Dr. Kasun Athukorala (CMM) synthesised and crystalised the small molecules in collaboration with Prof. Jack Clegg’s laboratory based at the UQ’s School of Chemistry and Molecular Biosciences. The samples were ground to a fine powder which then placed on to a TEM grid and data was collected at cryogenic temperature on the F30 at 300kV by Dr. Na’ama Koifman (CMM) and Dr. Kasun Athukorala (CMM). Processing, solving, and refining of the diffraction data to obtain 3-dimensional structures was performed by Dr. Xu (Stockholm) and Dr. Athukorala (CMM). The microscope configuration was supervised by Dr.
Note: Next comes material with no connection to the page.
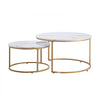 VEVOR Nesting Coffee Table Set of 2, 31.5 in Round Coffee Table, Nesting Tables for Small Place, Vintage End Side Tables Night Stand with Metal Frame, for Living Room, Bedroom, Office (White & Gold)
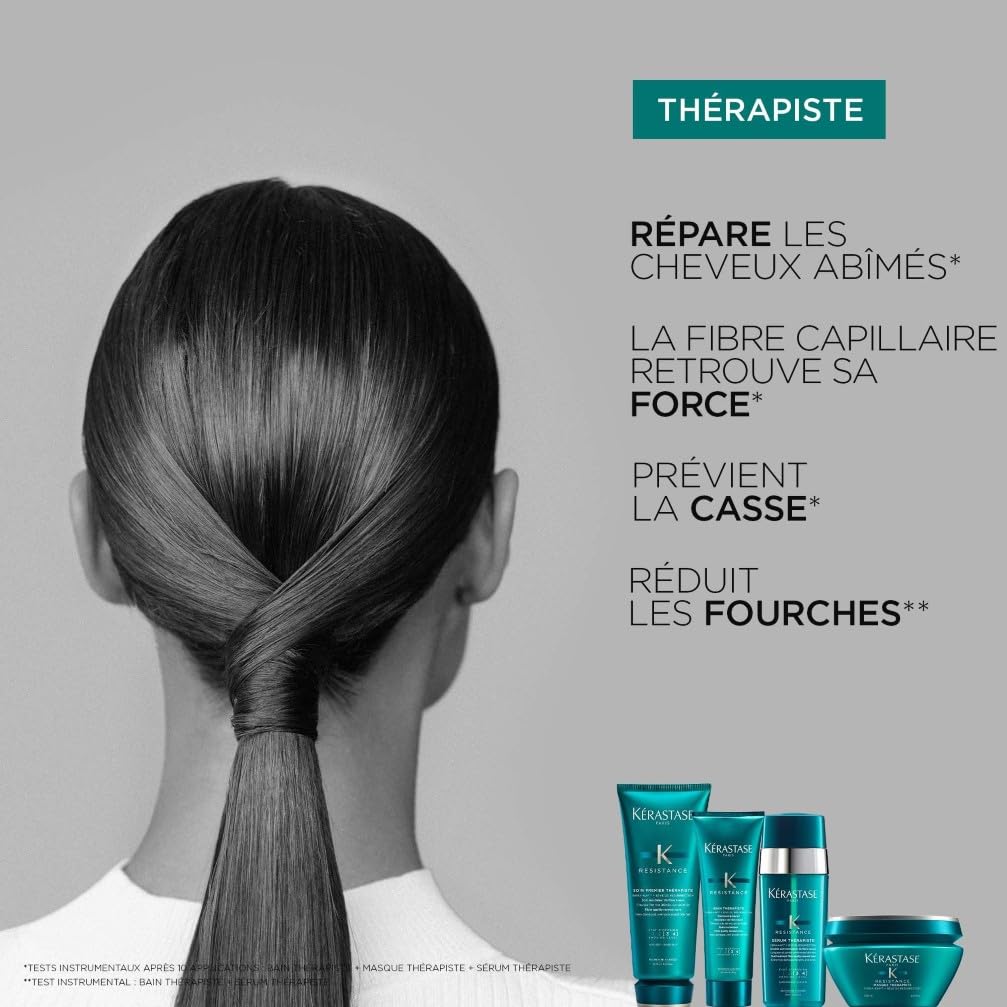KÉRASTASE Résistance - Sérum Thérapiste - Double Soin Capillaire Sans Rinçage - Recréateur de Fibre Neuve - Répare & Lisse - Technologie FIBRA-KAP™ & Sève de Résurrection - Cheveux Très Abîmés - 30 ml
Matthias Floetenmeyer (CMM).

 For data collection, SerialEM software and the CRmove script were used. Each crystal was tilted from −50° to +50°. Each crystal was tilted from −50° to +50°. The REDp software package (developed at Stockholm University) was used to determine the crystal unit cell and space group. XDS was used for processing the data. SHELXT was used for structure solution and refinement was carried out with SHELXL in Olex2.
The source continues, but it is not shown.